Auch nach sicher 35 Jahren erinnere ich mich genau, wie ich damals nach der Lektüre von Kings Salems Lot (Brennen muss Salem) in meinem Bett im Souterrain lag, in der Frotteebettwäsche mit den seltsamen Mustern, die Fantaflasche neben meinem IKEA Bett und das Buch zur Seite legte. Einzuschlafen gelang mir erst, als ich das Knacken gefolgt von Stille, das Wummern einer Windbö dann wieder Stille nicht mehr deutete, mir ein Lied vorsummte und an eine Fernsehserie wie Ein Colt für alle Fälle dachte. Vielleicht war das letzte Mal, das ich vor Angst das Licht anließ zum Einschlafen.

Beim Wiederlesen dreieinhalb Jahrzehnte später, auf Englisch, weil die deutsche Übersetzung von Salems Lot, die ich noch im Schrank hatte, unerträglich war, ist es das gleiche packende, breit und charakterlich tief und so gar nicht Horror-Effekt haschende, sondern schlichtweg unheimliche, thrilling Buch.
Mit dem fast gleichen Effekt wie damals: dass ich nämlich beim Gang in unseren dunklen Flur ein, zwei Sekunden lang ein diffuses Achtung! spüre.

Was King immer konnte, bis heute kann, ist eben straightes, richtig gutes Erzählen. Er schafft lebendige Figuren in zwei, drei Sätzen, erzeugt Atmosphäre in knappen Beschreibungen von Räumen und Landschaft, ist in Dialogen witzig, hintergründig und tragisch.

Und das alles kann er in einem Vampirroman oder auch einer Art Zoobi-Buch wie Pet Sematary (Friedhof der Kuscheltiere). King war nie Schund, Trivialliteratur oder Groschenroman – nur aus der hohen Warte von Langweilern betrachtet vielleicht. Von Leuten, die lieber quälend gedrechselte Wortkaskaden lesen und maximal handlungsarmes Sinnieren über langweilige Leben, gern der weißen Mittelklasse, Literatur nennen. Das hier sind gute Geschichten gut erzählt.t erzählt.

Man kann den Horror der Bücher, die Erlebnisse der King-Figuren gern als Metapher lesen: für die Gewalt in jedem von uns, als gesellschaftliche Kälte, für den Zerfall von Gemeinschaften und Ehen, für das Gute im Bösen und das Böse im Guten, einfach für diese irritierende, widersprüchliche, unerbittliche Welt da draußen, in der Menschen Dinge tun, die man sich nicht vorstellen kann.
Man kann die Bücher aber auch als das lesen was sie sind: Großartig konstruierte Page-Turner mit mehrdimensionalen Hauptcharakteren und liebenswerten Nebenfiguren, mit überraschenden Wendungen und Tempo, Witz, Horror, Gewalt und zugleich Lebensfreude. Die besten Bücher sind einfach Lehrstücke über uns Menschen: in unserer Dummheit, Überheblichkeit, dem Suchen nach Sinn, nach Lust, Macht und der Begegnung mit Trauer und Verlust. Wir in der ganzen Bandbreite aus Verlogenheit und Bösartigkeit, Mut und Schönheit. Ohne, dass es auch nur eine Seite langweilig wird.

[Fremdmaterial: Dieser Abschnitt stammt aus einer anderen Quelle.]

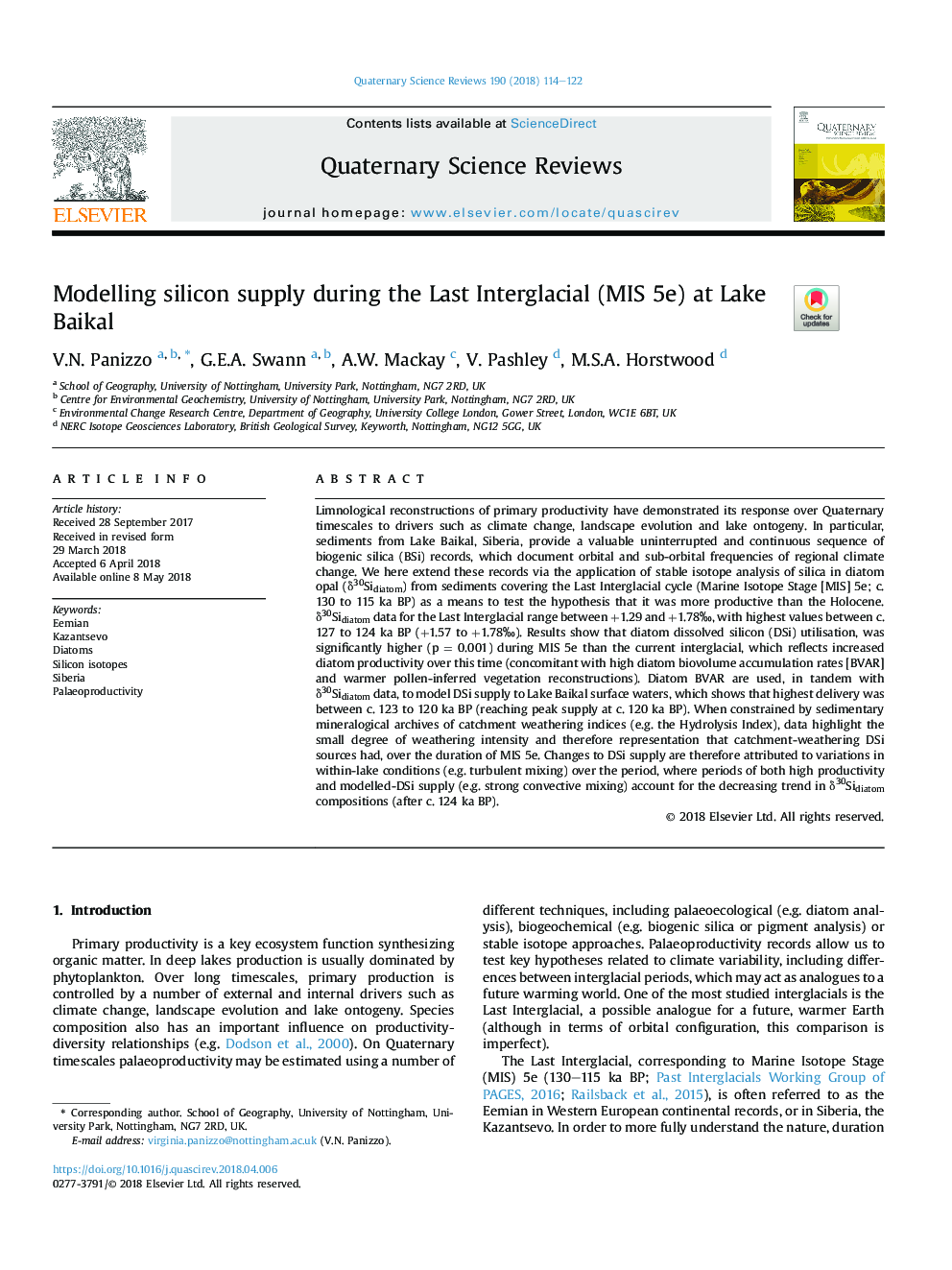 Modelling silicon supply during the Last Interglacial (MIS 5e) at Lake Baikal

Klar, bei 63 Romanen darf auch mal ein schwacher dabei sein, vielleicht sind sogar 50 seiner Bücher eher schwächer oder sogar ganz schwach (ich hab etwa 20 Jahre King Schaffens nicht gelesen). Salem Lot jedenfalls, Kings zweites Buch überhaupt und genau so Friedhof der Kuscheltiere sind Meilensteine. Sie haben drei Jahrzehnte später nichts von ihrer Kraft und ihrem Zauber verloren. Als nächstes wage ich mich an ES.